An exact transcription of every record is needed, leaving out the pictures.

[Stored items]
:::::

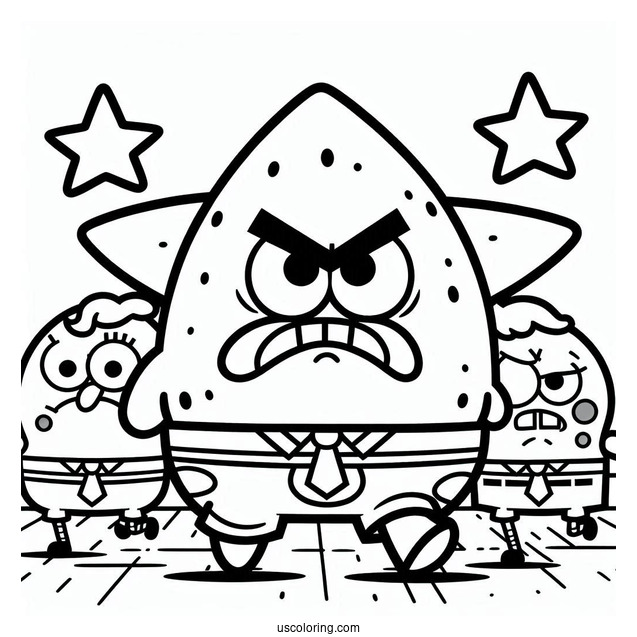 Angry SpongeBob And Patrick Star Coloring Page Marching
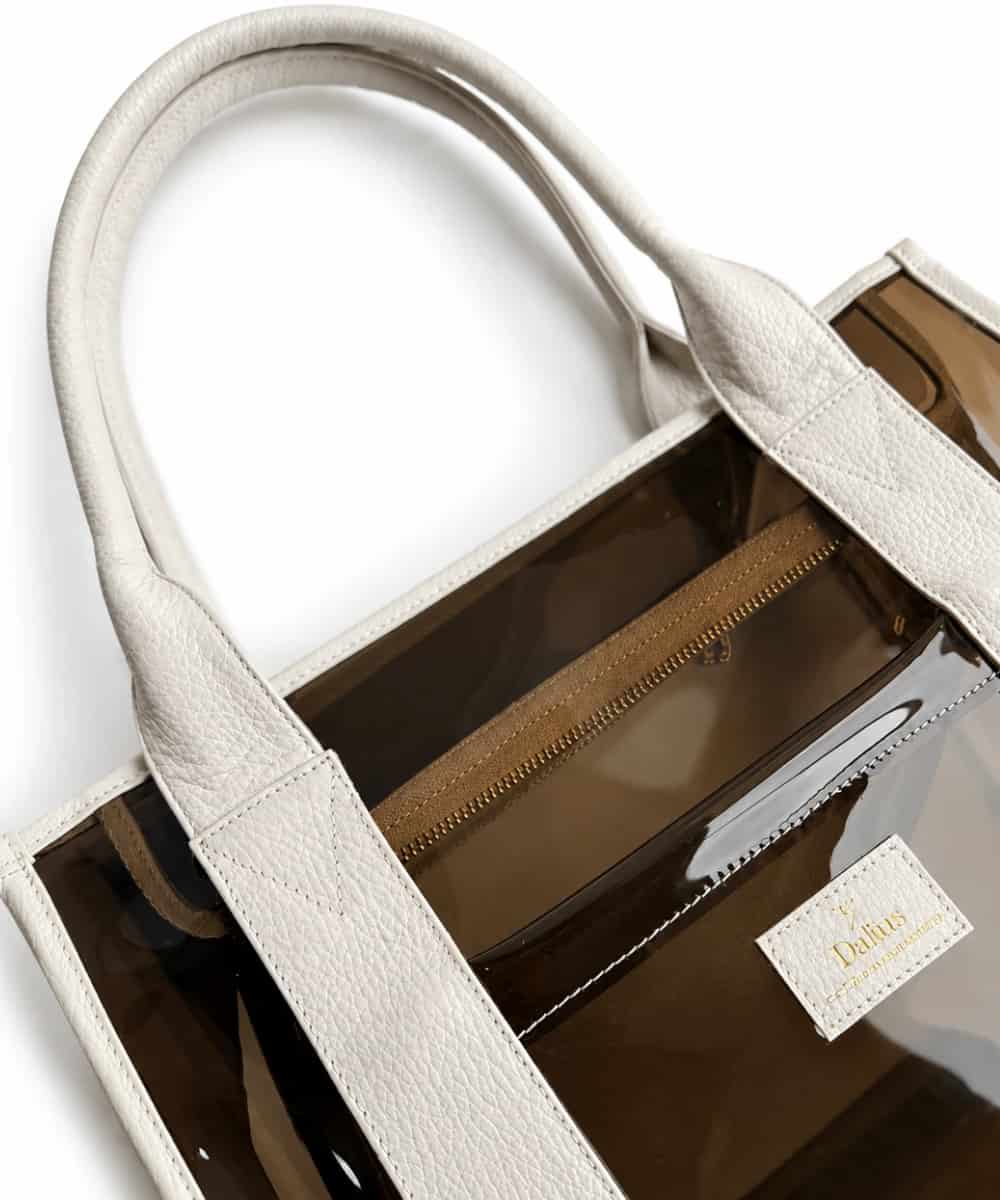 Bolso Tote Vinilo Oscuro Marfil - miniatura 2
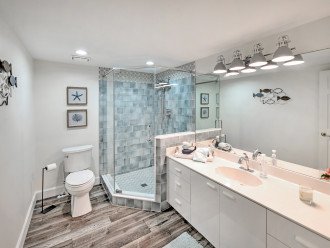 2nd Bathroom with oversized vanity & newly renovated shower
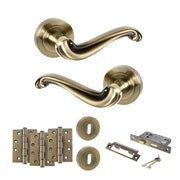 Atlantic Old English Colchester Door Handle Pack (3 Lever Lock Set - 2.5" CE Sashlock, 4" Fire Rated Hinges x3)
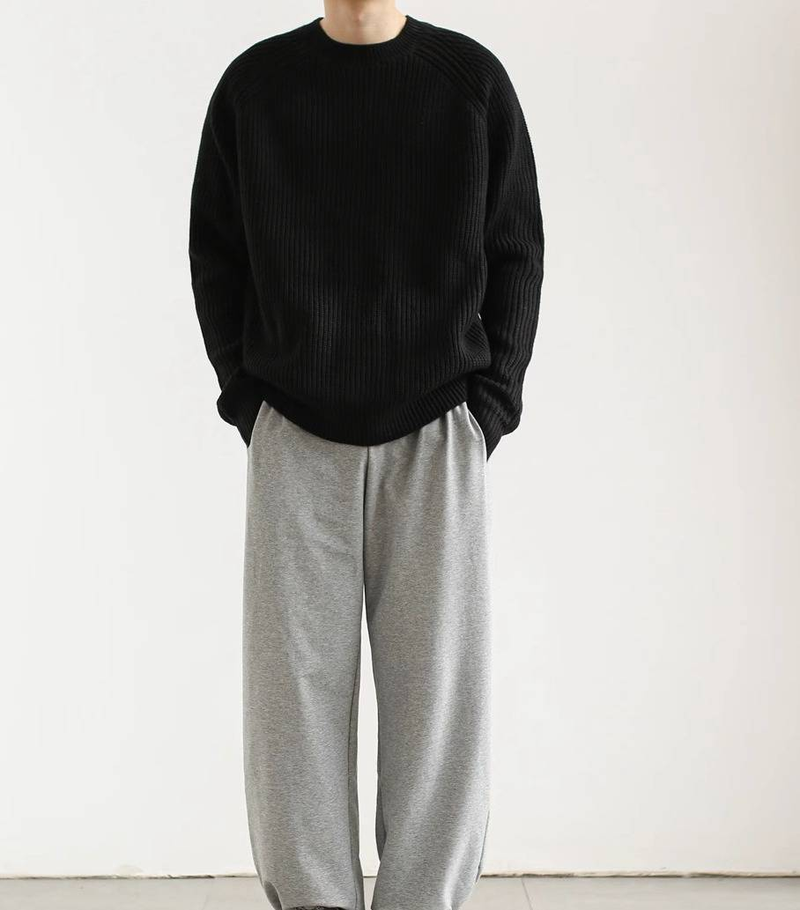 Minimalist Büyük Boy Yuvarlak Yaka Kazak - Kırışmaz Polyester Karışımı, Unisex, Katmanlı Giymeye Uygun (Siyah/Beyaz, M-XXL)_voghion.com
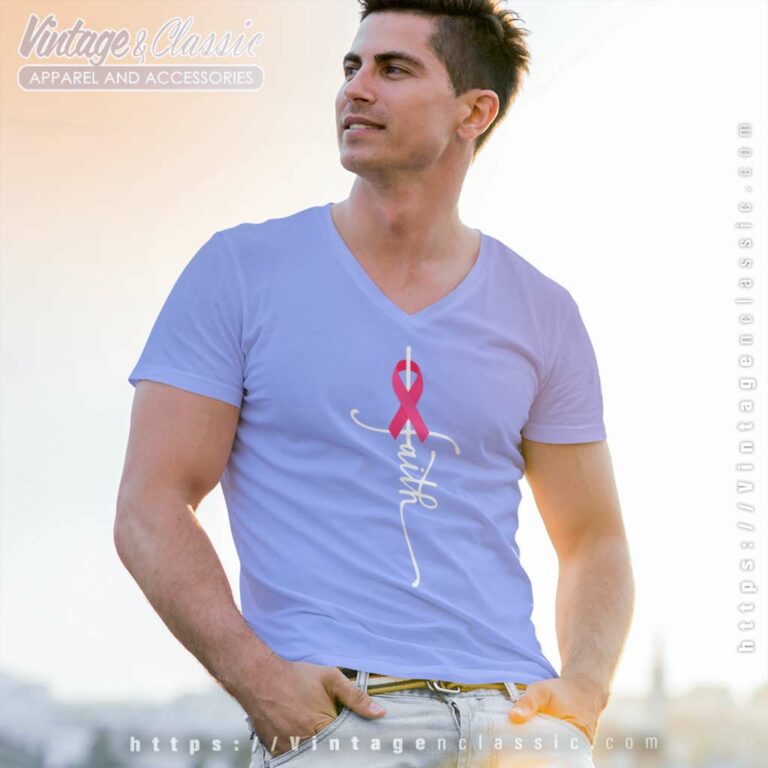 Breast Cancer Faith Breast Cancer Awareness V Neck TShirt Breast Cancer Faith Breast Cancer Awareness V Neck TShirt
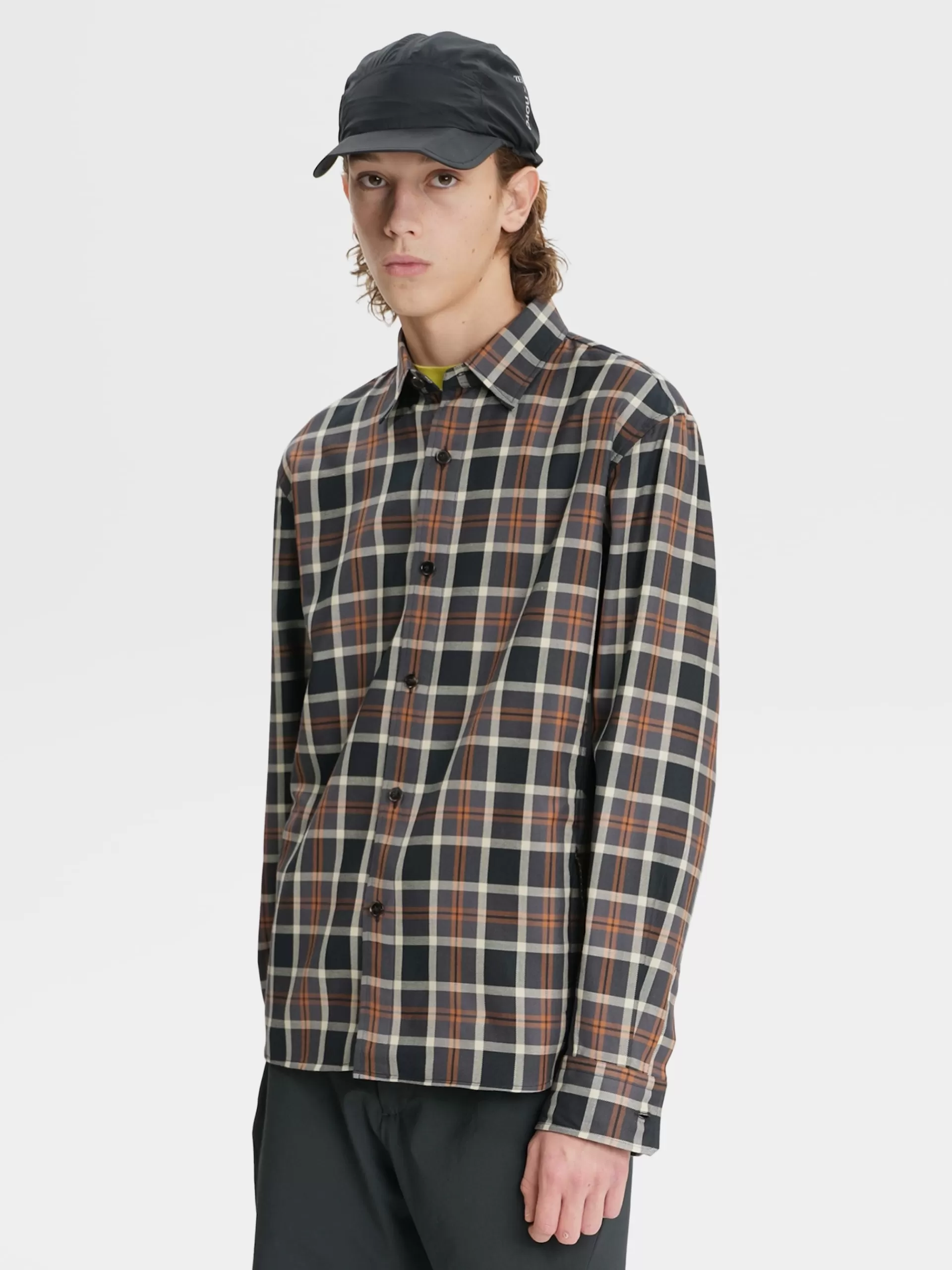 ZEGNA Sobrecamisas E Casacos Chore^Camisa De Manga Comprida Vicunha, Preta E Cinza-Escura Em Algodao Com Macropadrao De Xadrez Vicunha/Preto/Cinzento-Escuro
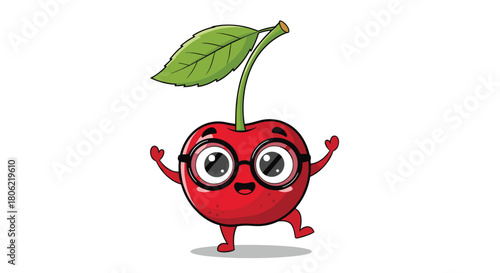 Cute cartoon cherry character wearing black-rimmed glasses, with a cheerful expression and raised arms, walking or dancing happily on a white background, embodying a smart and playful fruit mascot.
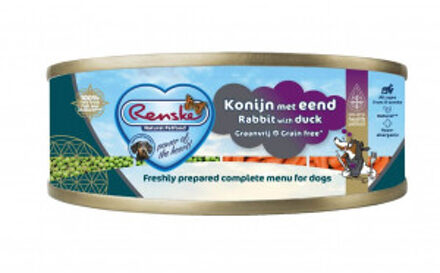 Renske Graanvrij vers bereid konijn met eend natvoer hond (blikjes) 1 tray (24 x 95 g)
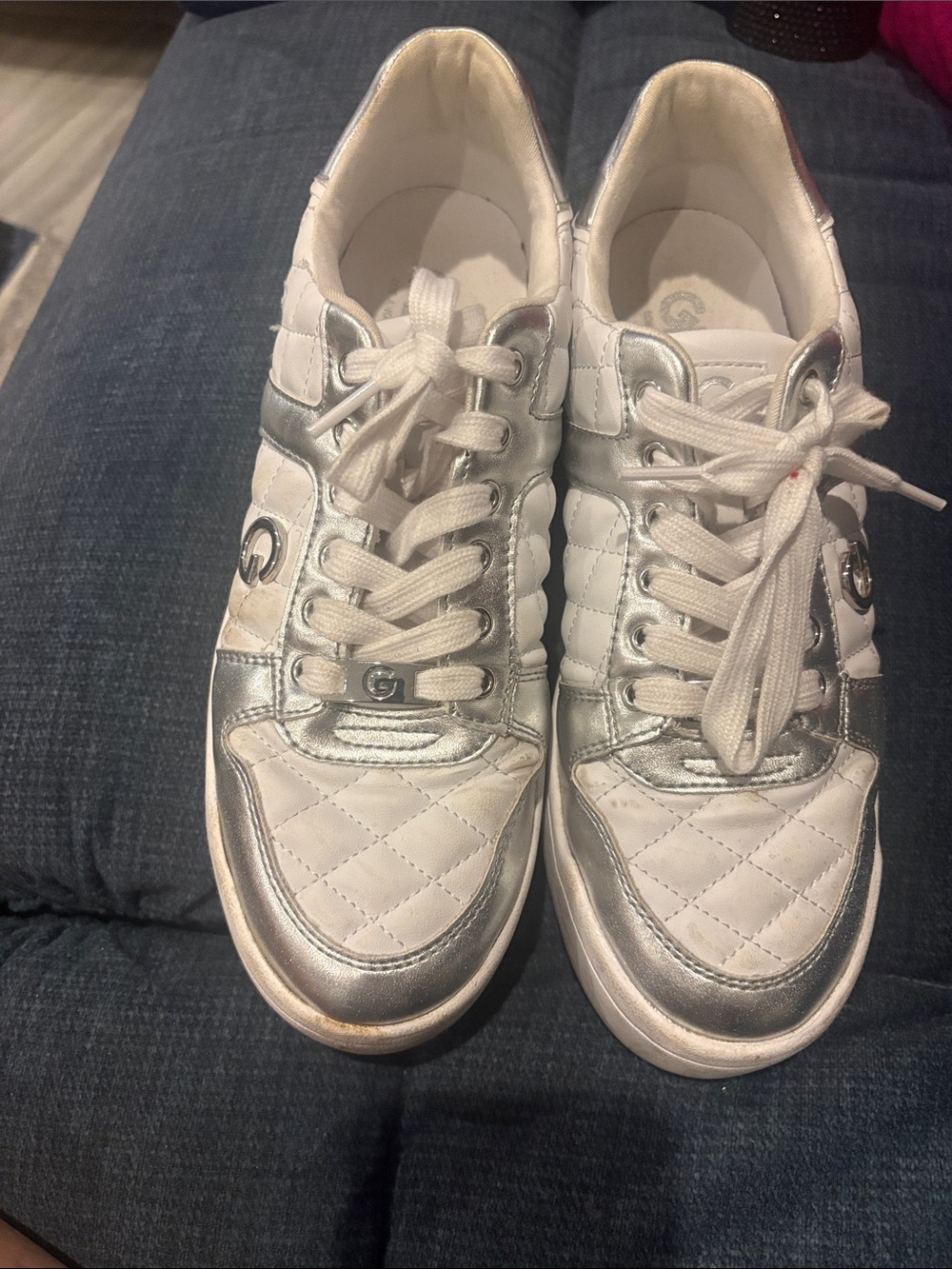 GBG Los Angeles Women's White and Cream  Silver Trainer Sneakers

:::::

§ Exercise result:
 Angry SpongeBob And Patrick Star Coloring Page Marching
 Bolso Tote Vinilo Oscuro Marfil - miniatura 2
 2nd Bathroom with oversized vanity & newly renovated shower
 Atlantic Old English Colchester Door Handle Pack (3 Lever Lock Set - 2.5" CE Sashlock, 4" Fire Rated Hinges x3)
 Minimalist Büyük Boy Yuvarlak Yaka Kazak - Kırışmaz Polyester Karışımı, Unisex, Katmanlı Giymeye Uygun (Siyah/Beyaz, M-XXL)_voghion.com
 Breast Cancer Faith Breast Cancer Awareness V Neck TShirt Breast Cancer Faith Breast Cancer Awareness V Neck TShirt
 ZEGNA Sobrecamisas E Casacos Chore^Camisa De Manga Comprida Vicunha, Preta E Cinza-Escura Em Algodao Com Macropadrao De Xadrez Vicunha/Preto/Cinzento-Escuro
 Cute cartoon cherry character wearing black-rimmed glasses, with a cheerful expression and raised arms, walking or dancing happily on a white background, embodying a smart and playful fruit mascot.
 Renske Graanvrij vers bereid konijn met eend natvoer hond (blikjes) 1 tray (24 x 95 g)
 GBG Los Angeles Women's White and Cream  Silver Trainer Sneakers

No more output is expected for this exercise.